American Style Breakfast Enchiladas | Treat your guests to the BEST breakfast in the West! These Enchiladas are a twist on the favorite red enchiladas you would normally serve for dinner. They’re not only delicious but…..THEY ARE MADE THE NIGHT BEFORE! So I’d say that’s two bonuses in one recipe!
These delicious enchiladas are packed full of flavor! With ingredients like ham, bell pepper, green onion and cheese. But that’s not all….they’re also encased in an egg custard and baked to perfection with a dollop of homemade Hollandaise Sauce! What a breakfast treat!
One recipe makes 10 hearty enchiladas. Perfect for Sunday Brunch, ladies luncheon, or Easter! If you don’t want to mess with making hollandaise sauce another great option is gravy. I’ve served these enchiladas both ways and loved them! The gravy is a little bit more casual then the hollandaise sauce. I have the perfect gravy recipe. Click here to get the recipe —->>>> OLD FASHIONED COUNTRY BACON GRAVY
American Style Breakfast Enchiladas
For the Enchiladas
- 2 cups deli ham cut into a 1/4-inch to 1/2-inch thickenss, chopped
- 1 cup red bell pepper, chopped
- 2/3 cup green onion, chopped
- 3 1/2 cups cheddar and jack cheese (combined), shredded, divided
- 10 flour tortillas (8-inches)
For the Egg Custard
- 4 large eggs
- 1/2 teaspoon salt
- 1 tablespoon flour
- 1 1/4 cups half and half
For the Hollandaise Sauce
- 4 large egg yolks
- 1 tablespoon fresh lemon juice
- 1/2 cup unsalted butter, melted
- pinch of salt and pepper
- optional garnish: chopped green onion
For the Enchiladas:
Spray a 9x13-inch baking pan with non stick cooking spray.
In a medium bowl add the ham, bell pepper, green onion and 2 1/2 cups shredded cheese. Stir to combine. Lay a tortilla in the prepared pan, add 1/2 cup of filling, roll and place in the pan seam down. Repeat for remaining tortillas.
For the Egg Custard:
In a medium bowl add the eggs, salt and flour. Whisk until flour is combined into the egg mixture. Whisk in the half and half. Pour over the enchiladas. Cover and refrigerator overnight.
The next morning preheat oven to 350°. Bake, covered 45 minutes. Take off the cover, sprinkle on the remaining 1 cup of cheese. Continue baking an additional 10 minutes or until cheese is melted and tops are golden. Serve hot with a scoop of Hollandaise Sauce and a sprinkle of green onion.

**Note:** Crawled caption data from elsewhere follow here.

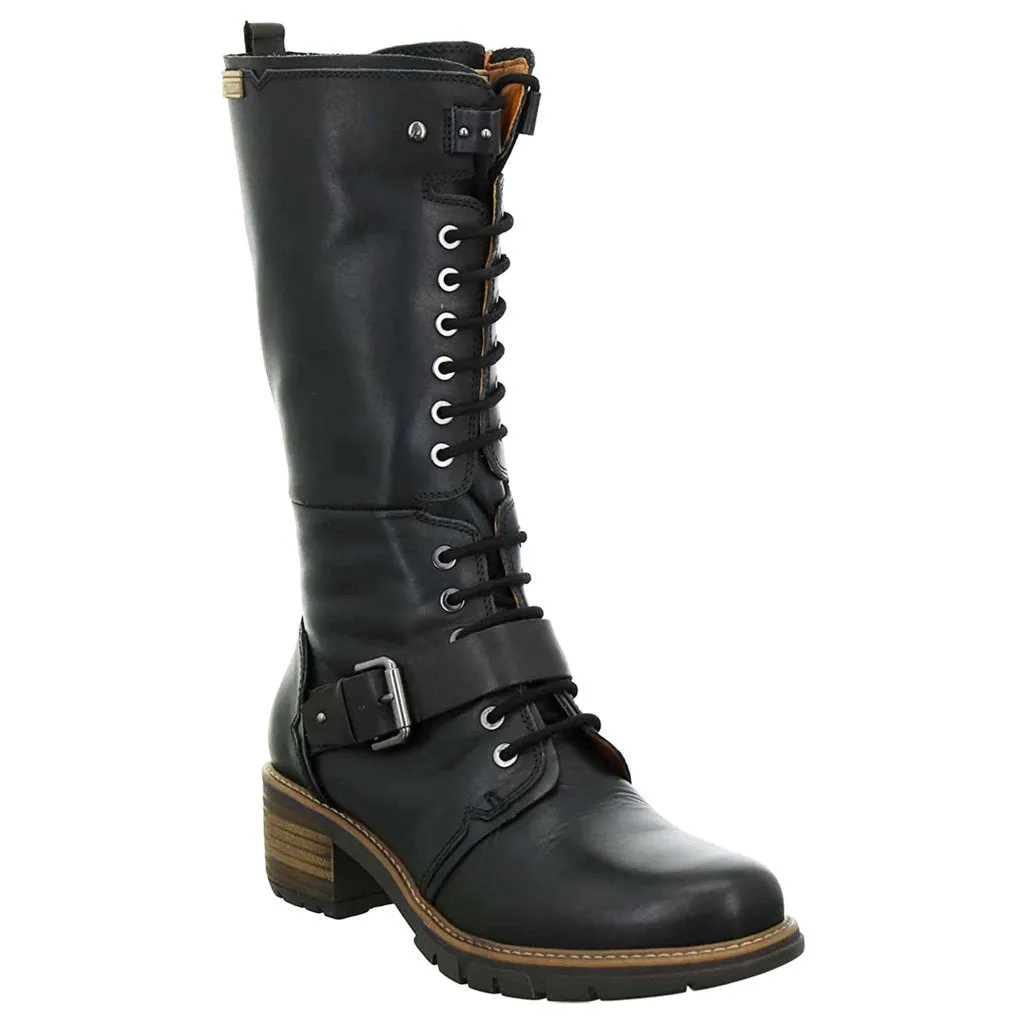 San Sebastia Calfskin Leather Women's Zip Up Calf Length Boots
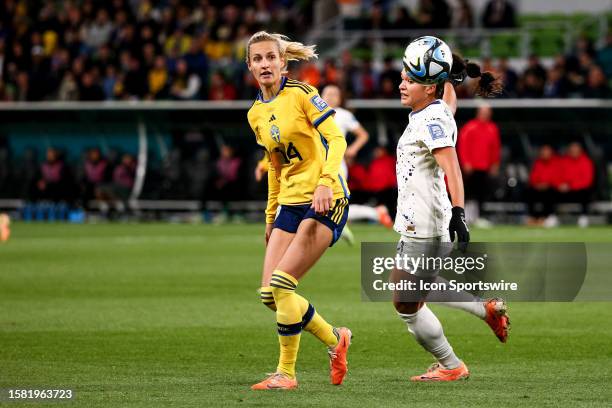 Nathalie Björn of Swede during the Women's World Cup football match between Sweden and USA at AAMI Park on August 06, 2023 in Melbourne, Australia.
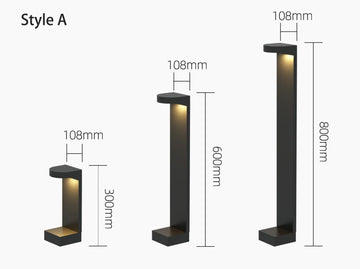 lampe led imperméable moderne extérieure jardin noir doré ip65 30cm 60cm 80cm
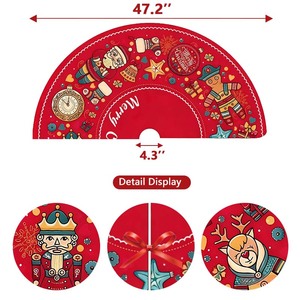Tappetino Rotondo Personalizzato per Albero di Natale, Design Vintage Rosso con Babbo Natale, <span class=keywords><strong>Schiaccianoci</strong></span> e Omino di Pan di Zenzero, Decorazione Natalizia - Product Image 3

For the Hollandaise Sauce:
Before starting fit a bowl over a saucepan, make sure the bowl does not touch the bottom. Add about 2 inches of water to the saucepan. Turn heat on medium high, once the water is about to boil turn the heat down. Only have the water at a low simmer. You don't want to get scrambled eggs. In the glass or metal bowl, whisk together the yolks and lemon juice until the eggs double in volume and thicken (about 3 minutes). Place bowl with the egg yolks on the simmering water, continue whisking and slowly drizzle in the melted butter, whisking the whole time until the sauce is thickened. Remove the sauce from the heat, whisk in the salt and pepper. Keep warm until ready to serve. If sauce gets too thick, whisk in a few drops of warm water before serving. Spoon over each enchilada. Garnish with chopped green onion.